No início de agosto, por exemplo, a licitação para manutenção e reparos em prédios do município, avaliada em R$ 384 milhões, foi barrada por um mês por liminar pedida por uma empresa.
A Justiça aceitou o pedido devido à ausência de audiências públicas, obrigatória em contratações desse porte.
Atualmente, a cidade ainda corre o risco de ficar sem contrato de varrição de ruas devido a demora para que a licitação fosse realizada.
O vencimento do acordo em vigor será em dezembro, mas a contratação ainda não foi concretizada.
A prefeitura pretendia fazer um pregão eletrônico, uma modalidade mais rápida. Mas mudou de ideia.
A Folha apurou que as atuais prestadoras de serviço, a Soma e a Inova, ameaçaram boicotar este formato. Por isso, a prefeitura resolveu fazer uma concorrência pública convencional, mais lenta.
A gestão Doria diz que cumprirá o prazo. Mas quem atua no setor diz que dificilmente um contrato deste porte, avaliado em cerca de R$ 1 bilhão por ano, sairá antes do ano que vem.
Além disso, a prefeitura não finalizou a novela da bilionária PPP (parceria público-privada) da iluminação pública, que já se arrasta desde a gestão Haddad.
O contrato atual vence neste mês e providências estão sendo tomadas para que o serviço não seja afetado, diz a prefeitura. "O governo passado [Haddad] não conseguiu. Nós faremos. E é para já", afirmou Doria, em maio, prometendo finalizar o processo no segundo semestre.

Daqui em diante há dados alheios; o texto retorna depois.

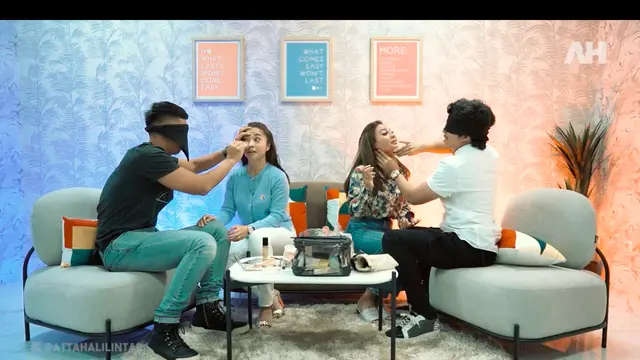 Momen Makeup Challenge Atta-Aurel dan Indra-Nikita Willy. (Sumber: YouTube/Atta Halilintar)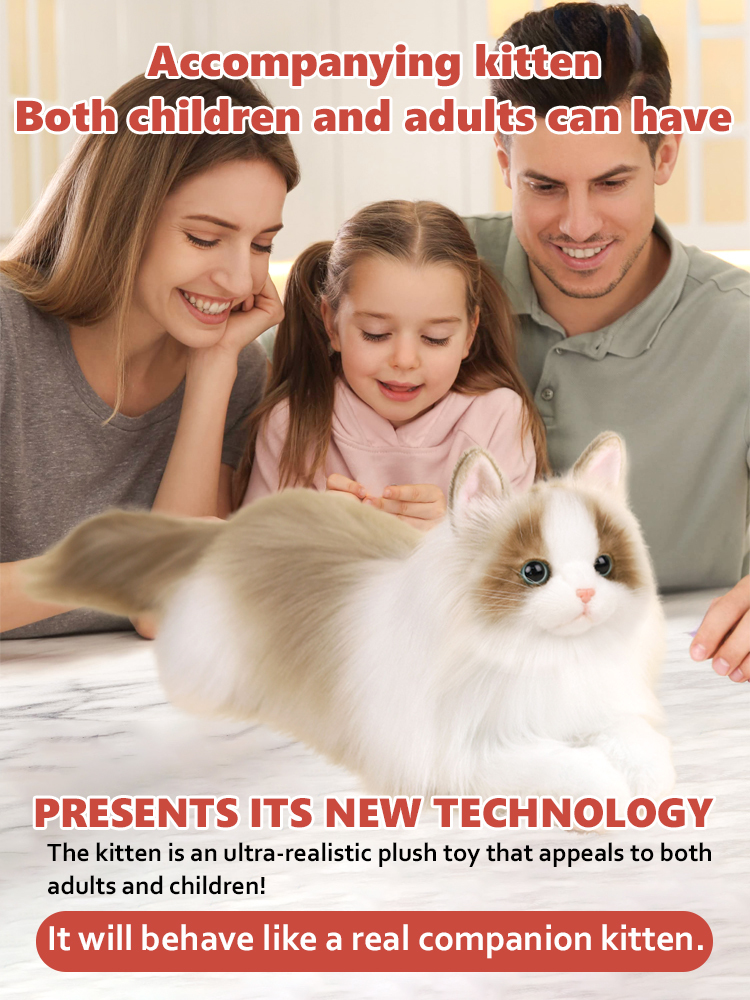 🎁🎁🎁【AI Smart Toy】The best gift for children, with built-in voice response and walking mode, short plush feels as soft as a cloud, built-in safe battery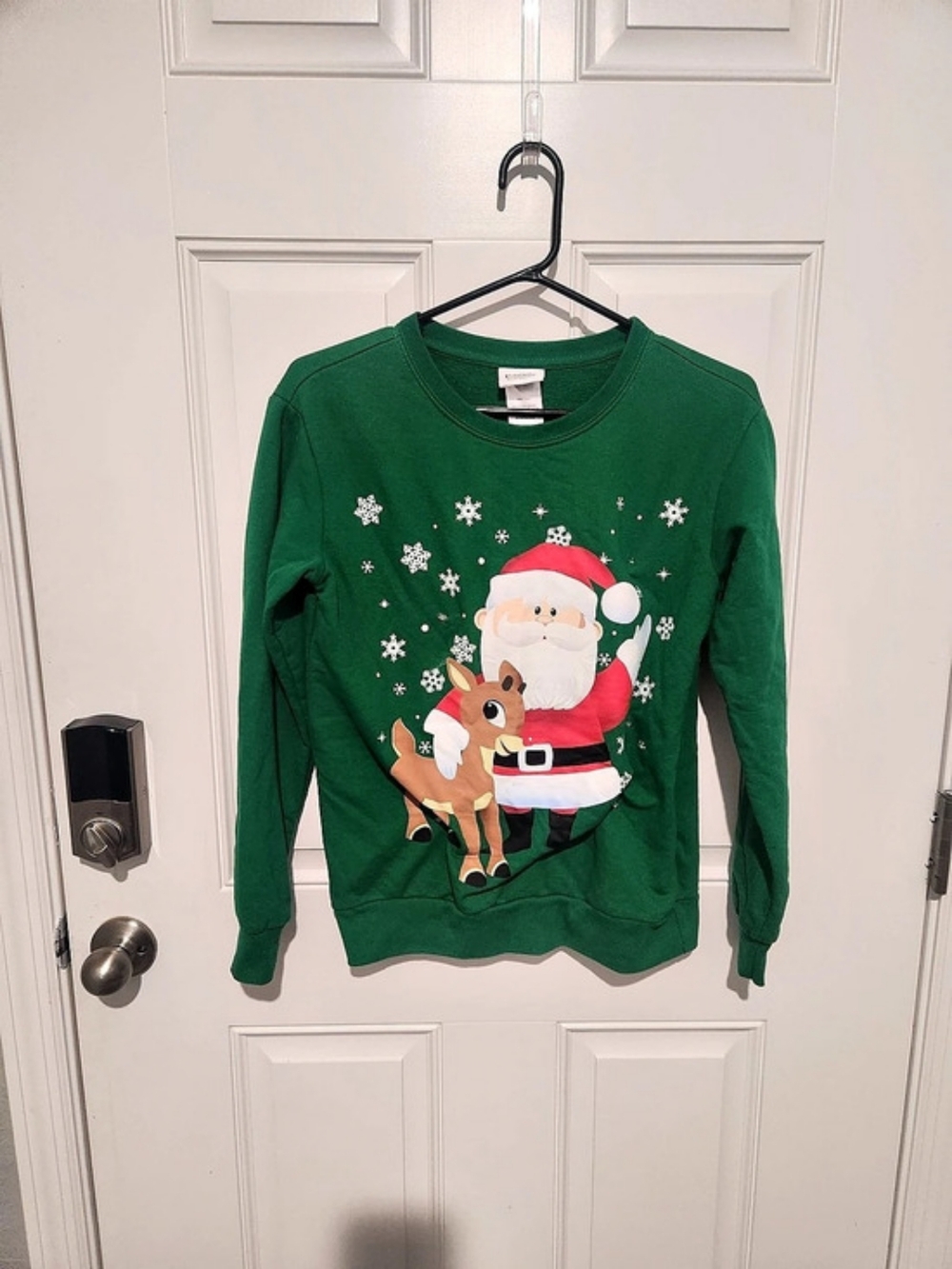 Rudolph the Red-Nosed Reindeer Women’s Green Crew Neck Light-Up Sweatshirt Small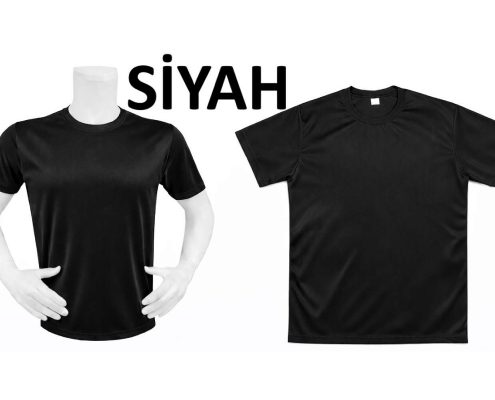 Two black t-shirts on white mannequins with the word SIYAH in bold letters between them. -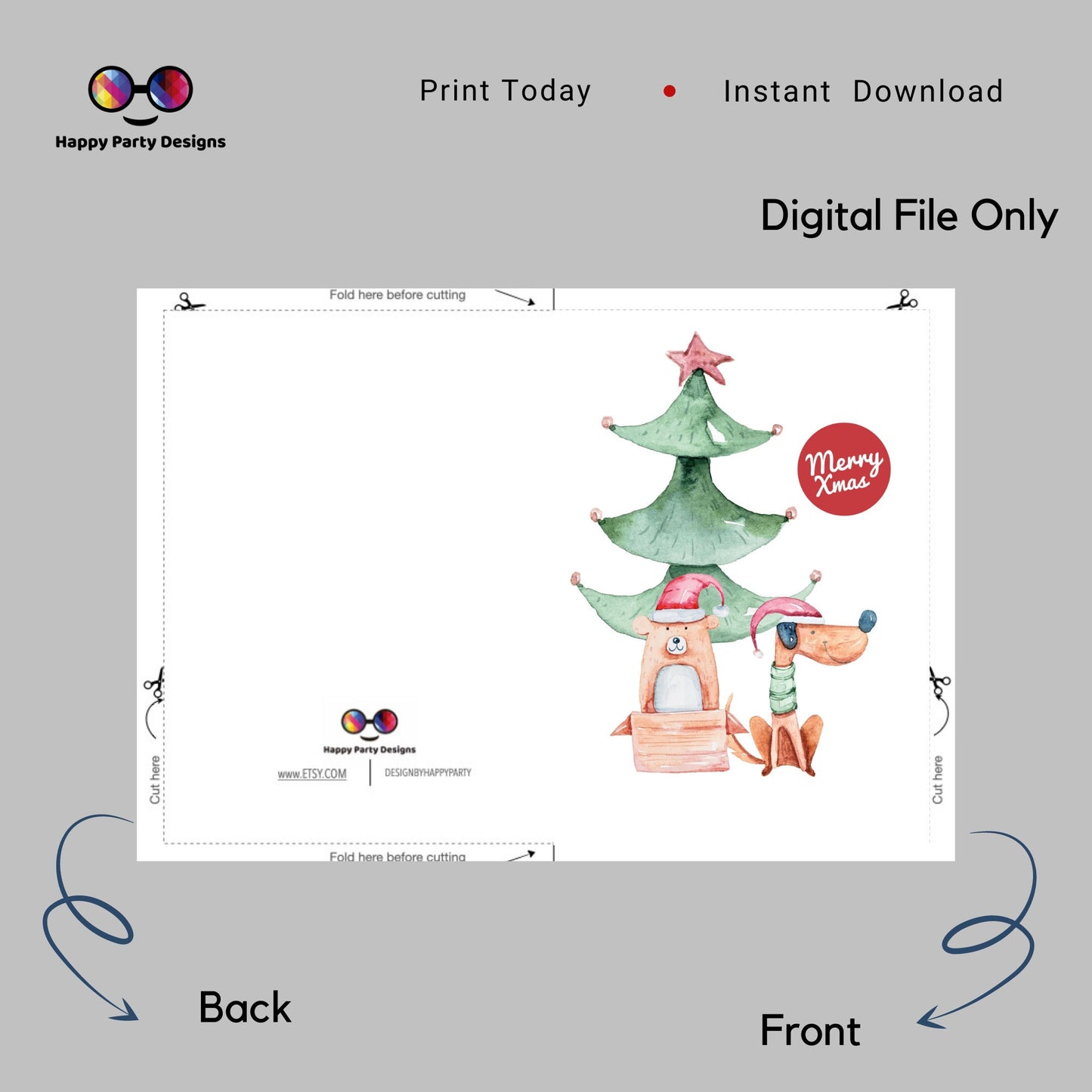 PRINTABLE Christmas card | Christmas Card | Holiday Card | Merry Xmas | Instant Download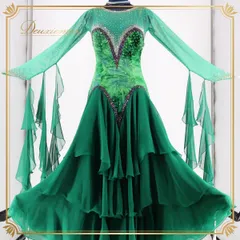 社交ダンス 衣装 スタンダード スタンダードドレス フロート ワンピース グリーン系 緑 長袖 デモ 競技 競技用 ダンス ベロア お洒落 ふんわりスカート 3枚重ね フォーマル パーティー 舞台用 ダンス衣装 レディース グリーンカラードレス 競技会用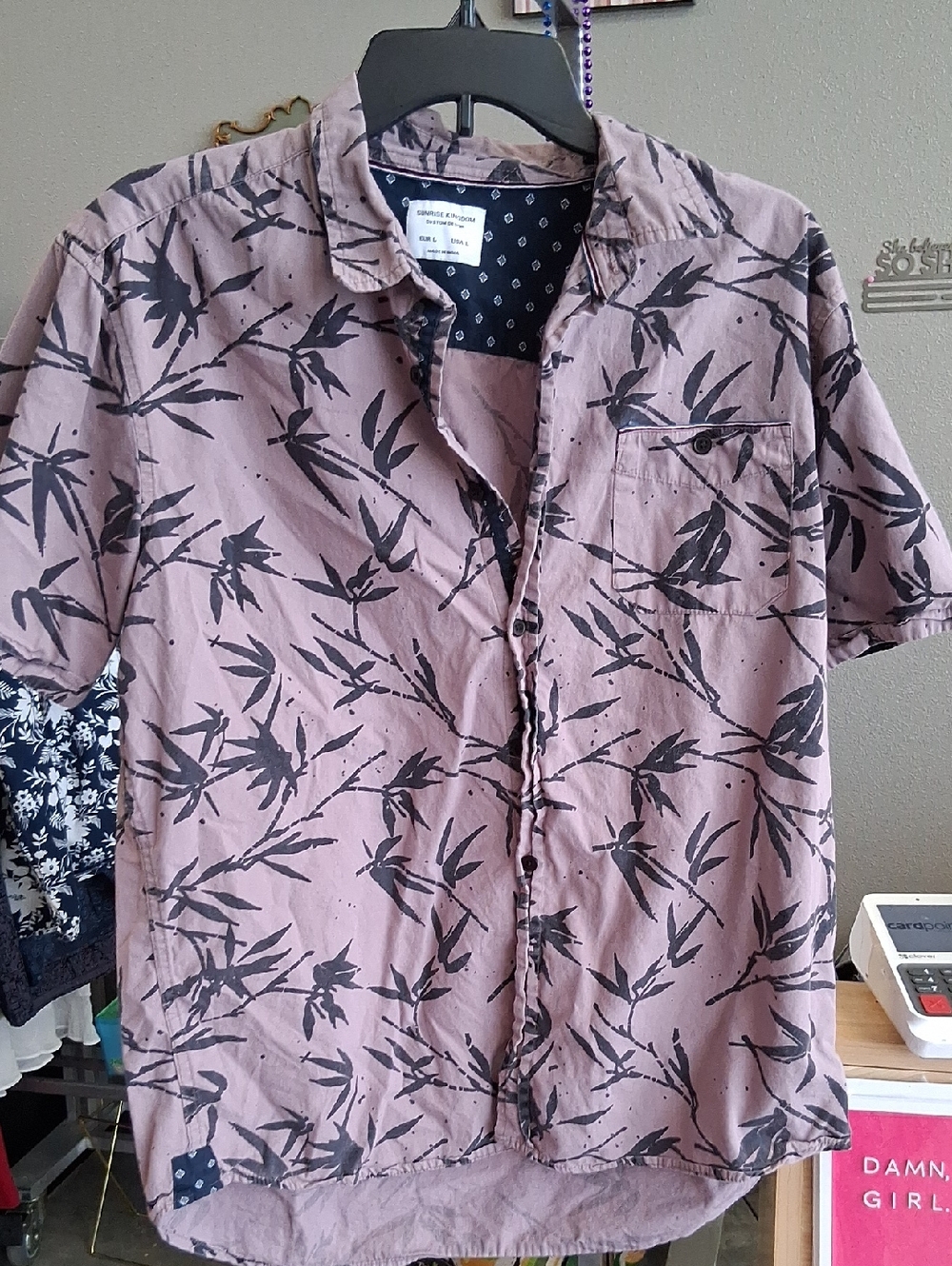Men's Short-Sleeve Floral Print Shirt - Dusty Mauve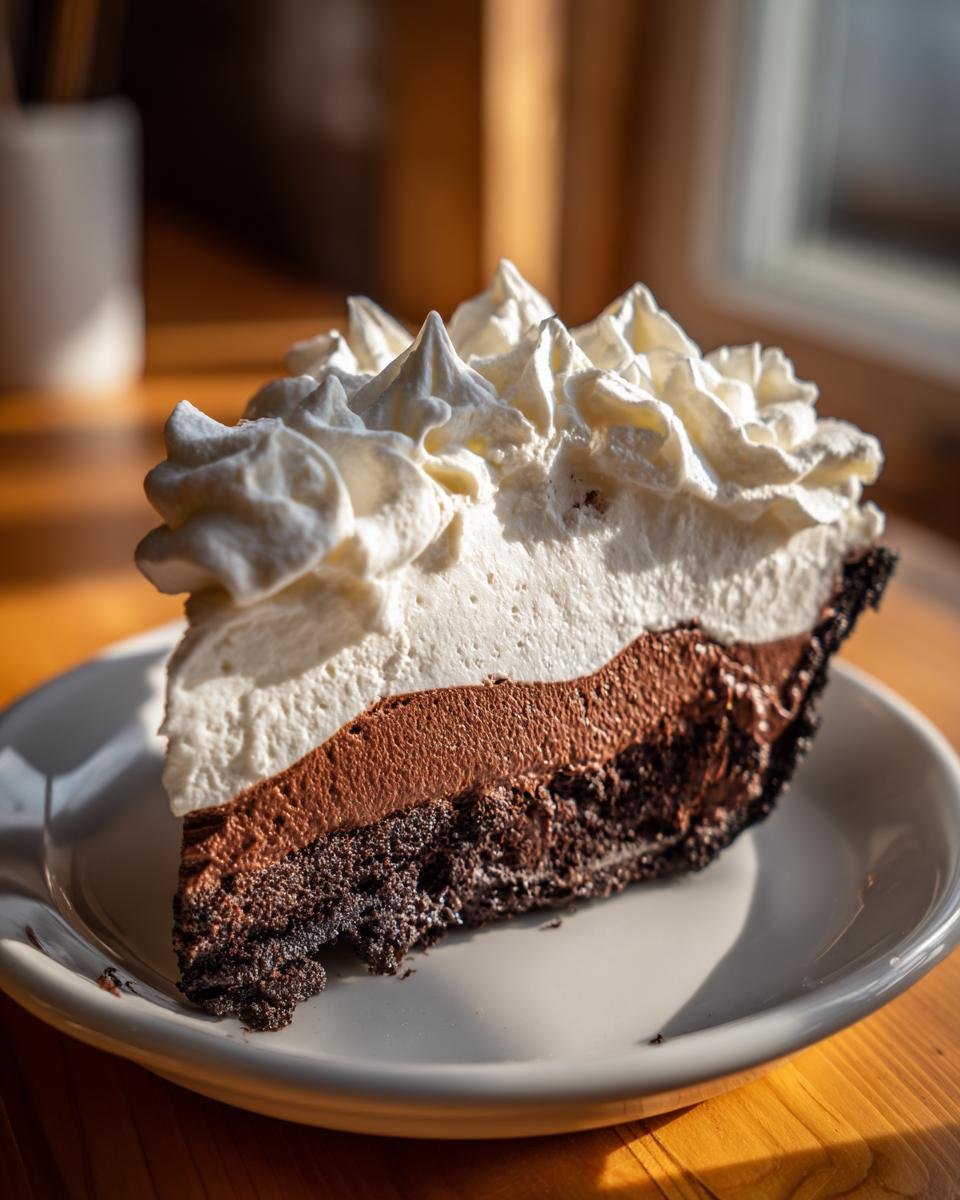 A decadent slice of Chocolate Cream Pie featuring a dark crust, rich chocolate filling, and tall swirls of whipped cream.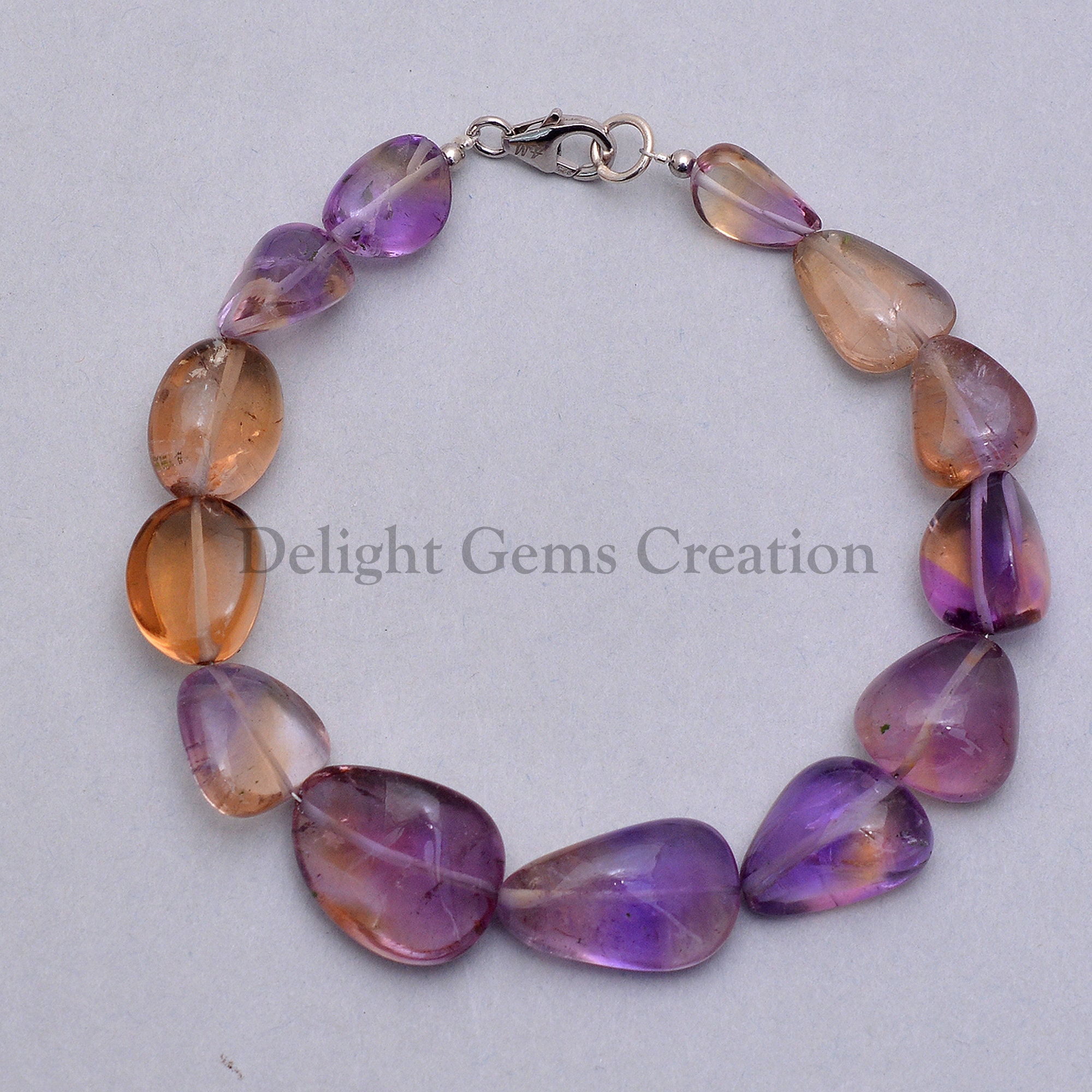 Ametrine Tumble Bead Bracelet, Purple Yellow Gemstone Jewelry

A licitação de R$ 7,3 bilhões prevê a troca dos pontos de luz da capital paulista por lâmpadas de LED, que duram mais e são mais econômicas.
OUTRO LADO
A gestão João Doria (PSDB) afirmou que os atrasos dos contratos da cidade não são culpa da atual administração.
Em nota, a prefeitura diz que assumiu parte dos "serviços essenciais" sem contratos. Cita manutenção de semáforos e a zeladoria de parques.
"Em oito meses, foi necessário realizar estudo técnico, cumprir etapas e prazos legais de acordo com as leis que regem as modalidades contratuais", informa a gestão. A nota afirma ainda que os processos são barrados por órgãos fiscalizadores e questionamentos de empresas.
Sobre os semáforos, a gestão diz que logo no início do ano começou a ser elaborado o edital para a manutenção dos equipamentos. Foi exigida a garantia do serviço de reparos dos semáforos e, em julho, houve força-tarefa com reparos em 175 equipamentos.
A administração afirma que também recebeu os parques sem contrato de manutenção e fez 14 licitações. "Algumas licitações foram suspensas para análise do Tribunal de Contas, e as empresas interessadas abriram representações com questionamentos."
Dos 14 processos, quatro foram finalizados, três estão suspensos e sete tramitam.
No caso da licitação para manutenção dos prédios, a empresa que pediu a liminar que barrou o processo desistiu da ação. "É aguardada a publicação pela Justiça da desistência para o imediato prosseguimento", diz a gestão.
A respeito da PPP da iluminação, a administração afirma que o TCM autorizou a retomada do certame em julho. "A prefeitura entrou com ação contra uma das empresas participantes, pelo fato de ela ter sido declarada inidônea. Para realizar a abertura dos envelopes, a prefeitura aguarda o julgamento do mérito de uma ação movida pela empresa para tentar participar do certame."
A prefeitura afirmou que o contrato de iluminação vence no fim de setembro e que "as providências para a continuidade dos serviços estão sendo adotadas."
A assessoria do ex-prefeito Fernando Haddad (PT) afirmou que "deixou todos os contratos passíveis de renovação e muitos deles com licitações em andamento."
"É no mínimo curioso que no nono mês de gestão, a atual administração ainda procure atribuir responsabilidades a gestão anterior. Muitos dos contratos, o da manutenção dos semáforos, por exemplo, não foram renovados por opção desta administração", diz nota da gestão anterior.